Beckham, on leave after eight months in Iraq, said, "My mom told (Duckett) I was 18," he said, "and the original guy who got it was 18, so he decided to pass it on to me."

Duckett sent the CIB and the letter to Beckham's mother, who sent them on to Beckham, who was attached to Troop B, 1st Squadron, 61st Cavalry Regimentat Camp Rustamiyah on the outskirts of Baghdad.

"I was honored," Beckham said. "It was like, wow, this is coming to me?"

He believes it is one of the original CIBs issued, since Duckett wrote that it was first pinned in 1944, and the War Department first established the badge in October 1943.

Beckham possessed the badge, but according to Army Regulation 600-8-22 dated Feb. 25, 1995, an infantryman can only wear the CIB after engaging in active ground combat.

"You have to be in combat to get it," Beckham said. He experienced his first fire-fight in Iraq shortly before the CIB arrived. "Before I got in my first combat, I didn't even know the (badge) existed."

When LTC Brian Winski, commander, 1st Squadron, 61st Cavalry Regiment, "pinned that actual CIB on me," Beckham said, "I wore it for an hour; then put it away."
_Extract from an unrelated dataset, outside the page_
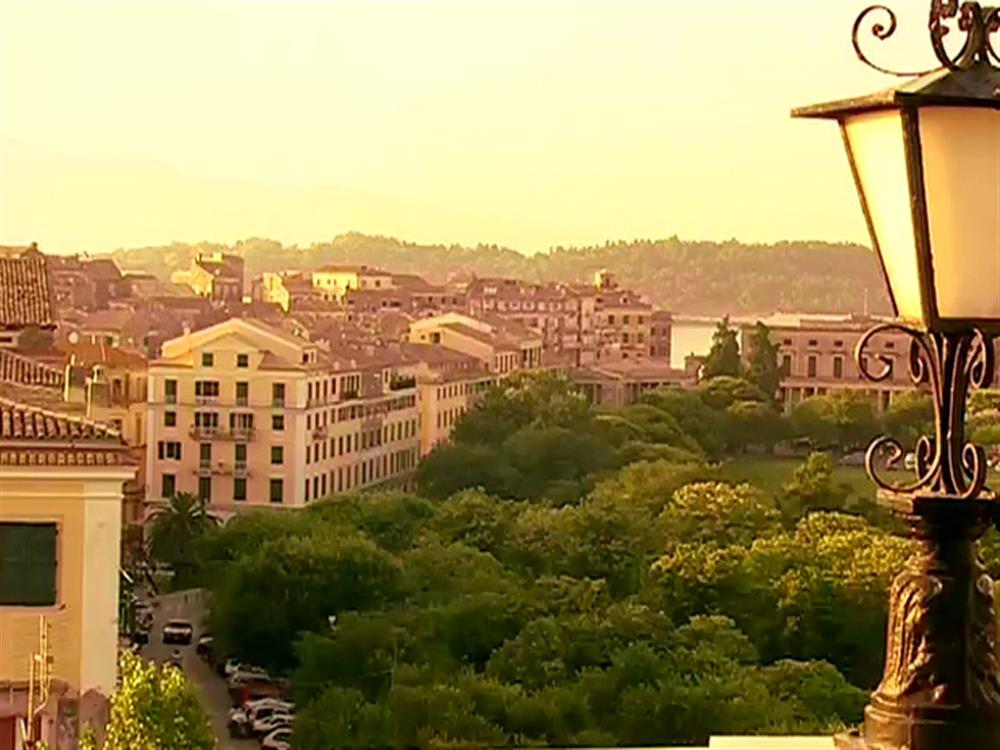 Καθρέφτη, καθρεφτάκι μου (επ.02)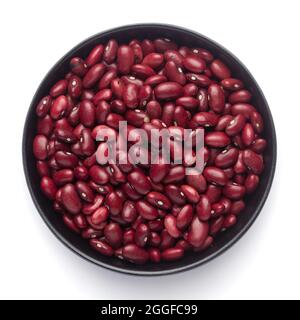 Makro-Nahaufnahme von organischen Rajma, (Laal Lobia) oder roten Kidney-Bohnen auf einer schwarzen Keramikschale. Draufsicht Stockfoto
He said he considers it too valuable to wear on a regular basis.

Wearing the CIB, he said, makes him feel connected to all the other soldiers of the 506th Regiment who have worn the badge in so many other conflicts. "I feel a part of it, a part of history."

His first fire-fight was the first of many, Beckham said. His mother said Beckham's commander recommended him for an Army Commendation Medal for valorfor his actions during a battle in June, where he shot an enemy fighter who was about to fire a rocket propelled grenade at his unit's position.

Just as Duckett passed the CIB to him, Beckham said he would also like to pass the CIB on to a future soldier in the regiment. "More than likely, it would be a young gentleman my age. Maybe someone I met, maybe talking to someone's mom."

Whatever the future holds, this well-traveled emblem, with its wreath and rifle, will become even more worn from the gritty battlefields of Iraq, and its burnished surface will shine well enough on the chest of one more proud soldier in one more war.

beckham01.jpg

photo from PFC Bates Beckham (Troop B, 1-61st, 506th RCT)

At Camp Rustamiyah, Baghdad, LTC Brian Winski, 1st Squadron, 61st Cavalry Regiment commander, pins the historic Combat Infantry Badge on PFC Bates Beckham, 1st Battalion, 506th Regiment Combat Team, 101 Airborne Division on June 10. The CIB was originally earned by a 506th Parachute Infantry Regiment paratrooper for combat in Normandy during World War II.